Jun 22, 2012 15:34
I just need to get it out in writing.
I have a weekend job on top of a two irregular teaching jobs and the business and making artwork. It's only 12 hours a week and all I generally do is sit around at a desk and play Facebook games and read. The extra money has been generally a nice thing - I finally have more than $5 in my savings account.
But it fucking disrupts everything else. Right now I should be socializing with my peers at the single job that I care about. They're all out celebrating a fantastic two weeks hosting a valley wide summer camp. But I can't go because I have to work. Only about 4 people that work there even know my name, because I'm never around for anything but work (and even then, can't get out of my classroom because overall I do think helping the kids is more important than bitching around in the office).

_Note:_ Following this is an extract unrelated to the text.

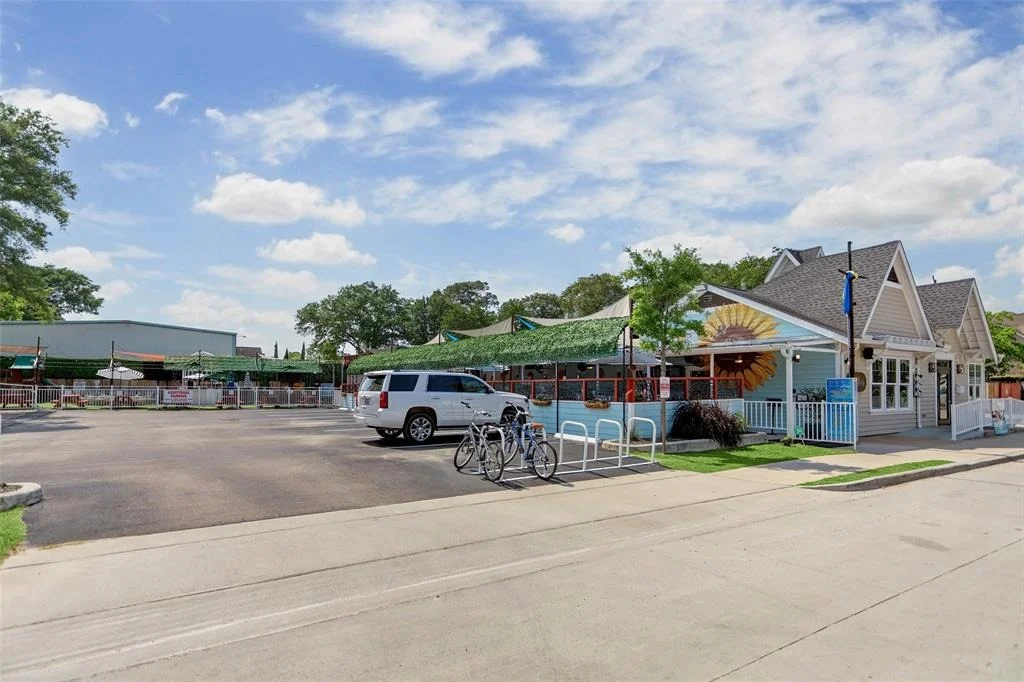 Photo of 918 Stonecrest Drive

This weekend is a big festival that I love going to every year, but I can't go because I have to work.
Tonight is the DRAFT outing. I can't go because I have to work.
This weekend there is a big event going on in Athens. I can't go because I have to work.
Tomorrow there is a fundraiser that my sister invited me to for guide dogs, and I really want to go, but I can't because I have to work.
This happens every single weekend. Last weekend I missed my nieces dance recital (they only have one a year - it's a really big thing). I've missed all their softball games this year. I also missed Hops Over the Moon, again. I almost completely missed the Father's Day cookout, but I got there just in time before my sister threw out the uneaten hot dogs.
I should have listed out everything I missed, every weekend, since I got this job last August. I'd really, really love to see if the money I've made outweighs the events, the opportunities, the memories I've missed.
It's really started to wear me down. I don't need this job?